_Your assignment_
Your job with the data below: print everything from the line that holds "Lee Damen Riders" down to the line that holds "Women's Round Neck", ends included, exactly, and nothing else.

_Recorded information_
►

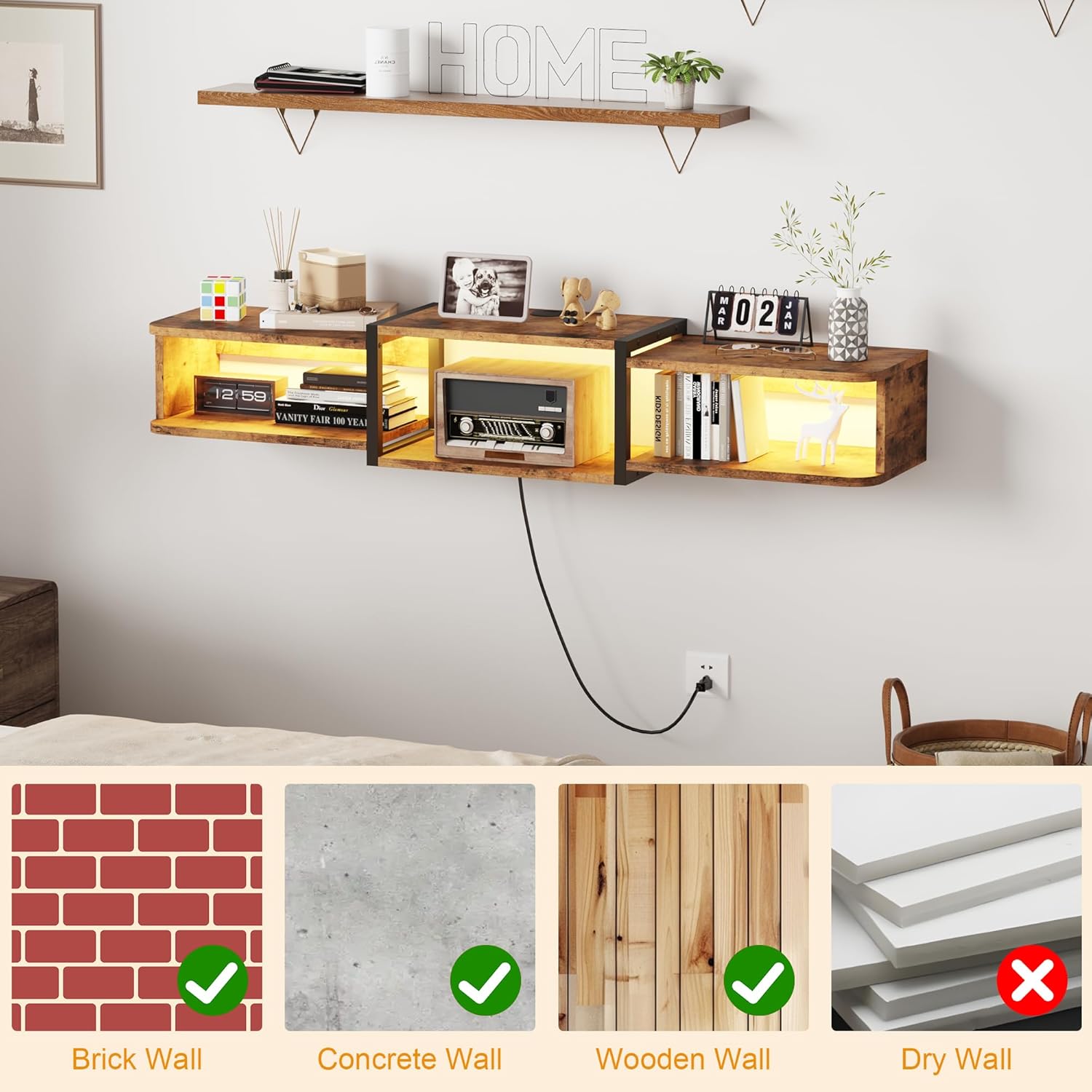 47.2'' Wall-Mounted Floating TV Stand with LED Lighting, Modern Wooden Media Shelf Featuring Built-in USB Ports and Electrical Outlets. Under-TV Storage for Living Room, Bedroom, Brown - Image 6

◄
►

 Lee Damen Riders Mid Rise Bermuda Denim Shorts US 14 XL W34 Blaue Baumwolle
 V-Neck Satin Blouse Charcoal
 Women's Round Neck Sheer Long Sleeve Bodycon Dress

◄

_Answer to the exercise_
 Lee Damen Riders Mid Rise Bermuda Denim Shorts US 14 XL W34 Blaue Baumwolle
 V-Neck Satin Blouse Charcoal
 Women's Round Neck Sheer Long Sleeve Bodycon Dress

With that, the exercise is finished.